Bonne lecture à toutes et tous

ChatGPT : l’IA qui fascine mais qui inquiète tout autant

La version gratuite de ChatGPT 3 défraie la chronique depuis près d’un an. Cette IA conversationnelle interroge et interpelle toute personne qui essaie de communiquer avec elle. Il est important de la tester car cela permet de constater qu’elle répond aux questions de manière relativement claire et rapide. De prime abord, les capacités de l’IA semblent impressionnantes. 

 

Vous pouvez tester la version gratuite de cette intelligence artificielle conversationnelle, en vous connectant et en vous inscrivant sur le site d’OpenAI https://chat.openai.com/auth/login. Vous pouvez tout d’abord commencer par discuter avec elle, l’interroger sur un sujet que vous connaissez bien, comme par exemple « la vérification des sources », pour constater la pertinence et la cohérence de ses réponses et de sa manière de communiquer. Si vous prenez ensuite un peu de recul, vous pouvez réfléchir à l’usage pertinent que vous pouvez faire de cet outil. Peut-être aurez-vous envie de vous améliorer en anglais et donc de pouvoir discuter en anglais avec ChatGPT et d’être corrigé par ce dernier si vous faites des erreurs. Vous pouvez dès lors créer un « prompt1 » (commande en langage naturel), et faire de ChatGPT votre « professeur d’anglais personnalisé ». Ainsi, lorsque vous lui parlerez en anglais, il corrigera d’abord vos erreurs, puis vous donnera la règle grammaticale associée et enfin vous proposera un « trick » (aide-mémoire) pour que vous ne fassiez plus la même erreur. Les capacités de cette IA sont surprenantes, oui, mais aussi inquiétantes car l’on peut aisément se questionner sur les conséquences de cette invention technologique, surtout quand elle est accessible à tous.
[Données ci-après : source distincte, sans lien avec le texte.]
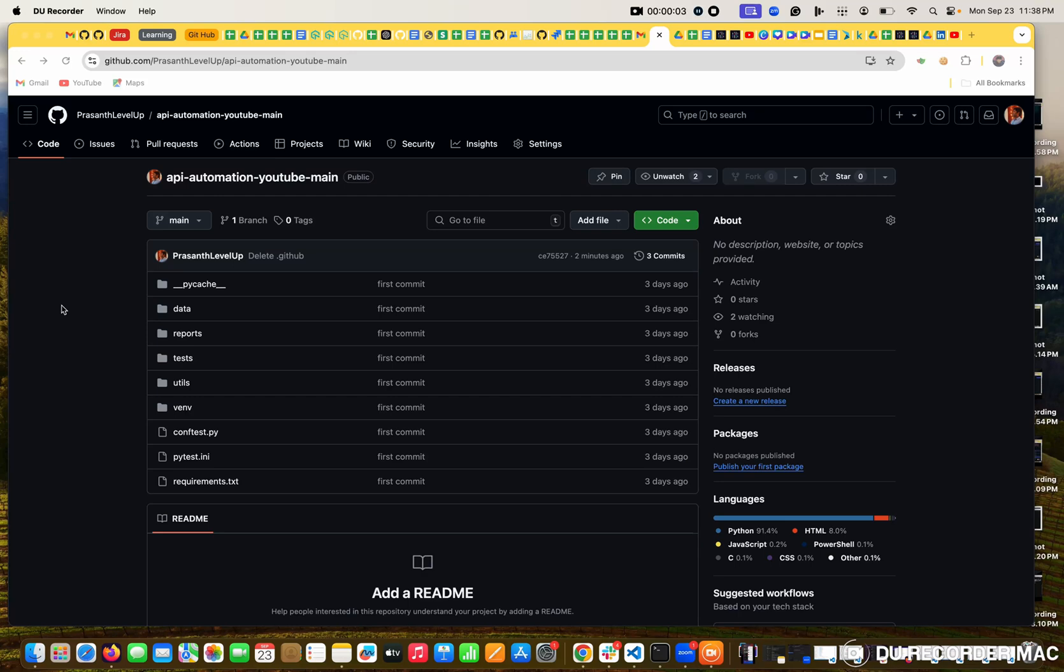Hello everyone, this is Rashaan, welcome to the channel. Today I am going to teach you step by step how to use the GitHub workflow actions. This is one of the CI CD tools which is widely used. It is very simple, it is under the GitHub itself, and it is free.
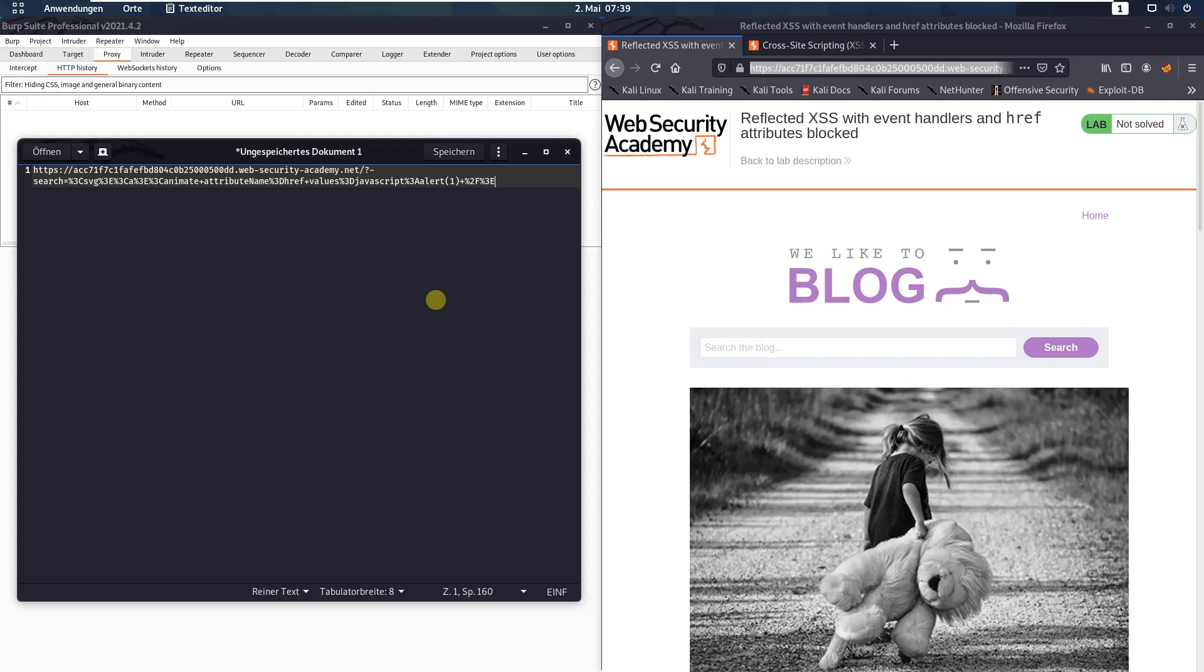%3c, text, plus x, %3d, java, script, %3d, java, script, %3d, java, script, d, 20, plus, d, 20, plus, y, %3e.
ChatGPT un modèle de langage développé par OpenAI

GPT (Generative Pre-trained Transformer) est une famille de modèles de langage développé par OpenAI, une entreprise spécialisée en intelligence artificielle (IA) basée à San Francisco. ChatGPT s’appuie sur GPT 3.5 dans sa version gratuite et accessible à tous et sur le dernier modèle GPT 4 pour sa version payante aux performances encore plus remarquables. Les modèles de la famille GPT utilisent l’apprentissage automatique pour générer du texte en se basant sur des milliards de séquences de mots provenant de différentes sources en ligne. Ils sont entraînés sur de vastes ensembles de données textuelles, ce qui leur permet de générer des réponses cohérentes et pertinentes aux requêtes de l’utilisateur. Ces modèles sont ensuite entraînés spécifiquement pour suivre des instructions et produire du texte au contenu acceptable, ce qui leur permet d’être utilisés par le plus grand nombre dans la version conversationnelle de ChatGPT. ChatGPT est donc un chatbot dont le moteur est un modèle GPT.

ChatGPT est souvent utilisé dans des chatbots et des applications de messagerie instantanée, fournissant ainsi une meilleure expérience utilisateur, plus personnalisée et plus efficace. Il peut également être utilisé pour traduire automatiquement des textes dans différentes langues, rédiger des contenus pour des sites web, blogs et autres. Enfin, il est utilisé aussi pour générer des textes à partir de quelques mots-clés donnés en entrée.

Si cette IA plait autant aux utilisateurs (entreprises et internautes), c’est qu’elle permet d’améliorer l’efficacité et l’expérience utilisateur en s’adaptant aux préférences et au langage de celui-ci, tout en répondant de manière instantanée et précise à ses questions.

 

ChatGPT, un modèle de langage basé sur la prédiction

Il faut rappeler, tout d’abord, que ChatGPT est un « large langage model » (grand modèle de langage) qui a été entraîné sur des données ne dépassant pas 2021 et qu’il n’est pas connecté à Internet.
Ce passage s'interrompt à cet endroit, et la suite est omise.